_PROVIDED MATERIAL_.
..............................
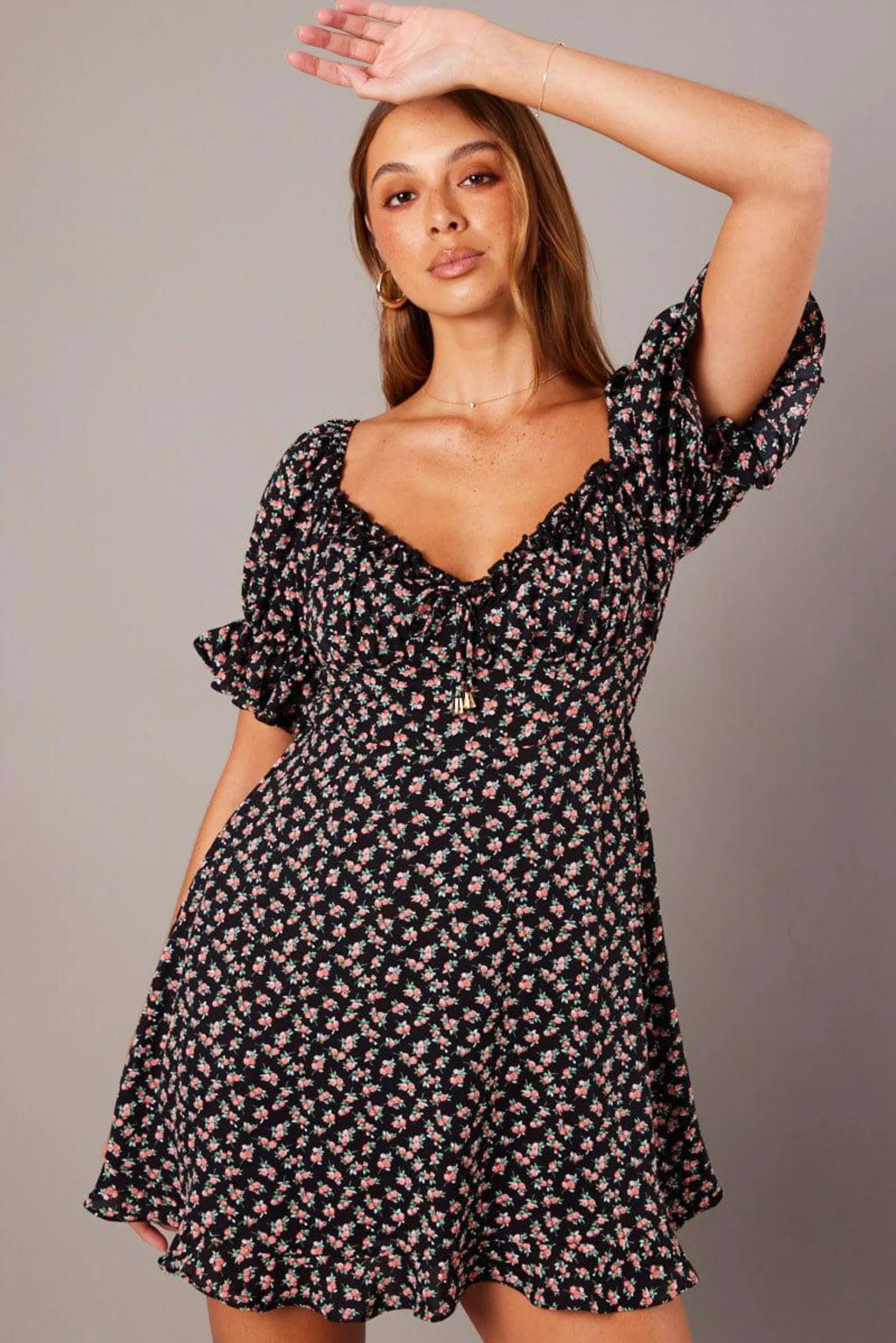 Black Floral Fit And Flare Dress Puff Sleeve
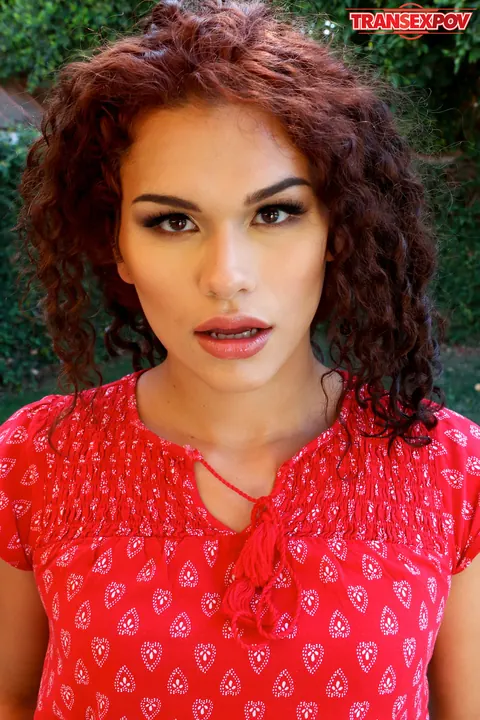 Curly-Haired Babe and Trans Woman Pull Panties Aside – photo 5 of 16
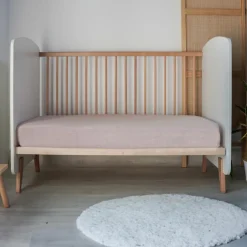 Drap housse en gaze de coton vieux rose (60 x 120 cm)|Domiva Clearance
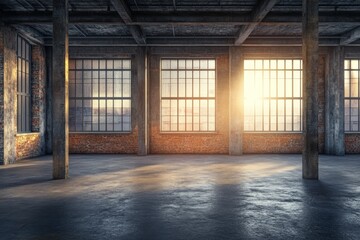 Bright and Spacious Empty Warehouse Interior with Large Windows and Natural Light Streaming In, Ideal for Creative Spaces, Studios, or Open Concept Designs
..............................
_PROBLEM_.
In your copy of the material, match every word exactly and include no pictures.

_OUTPUT BELOW_.
 Black Floral Fit And Flare Dress Puff Sleeve
 Curly-Haired Babe and Trans Woman Pull Panties Aside – photo 5 of 16
 Drap housse en gaze de coton vieux rose (60 x 120 cm)|Domiva Clearance
 Bright and Spacious Empty Warehouse Interior with Large Windows and Natural Light Streaming In, Ideal for Creative Spaces, Studios, or Open Concept Designs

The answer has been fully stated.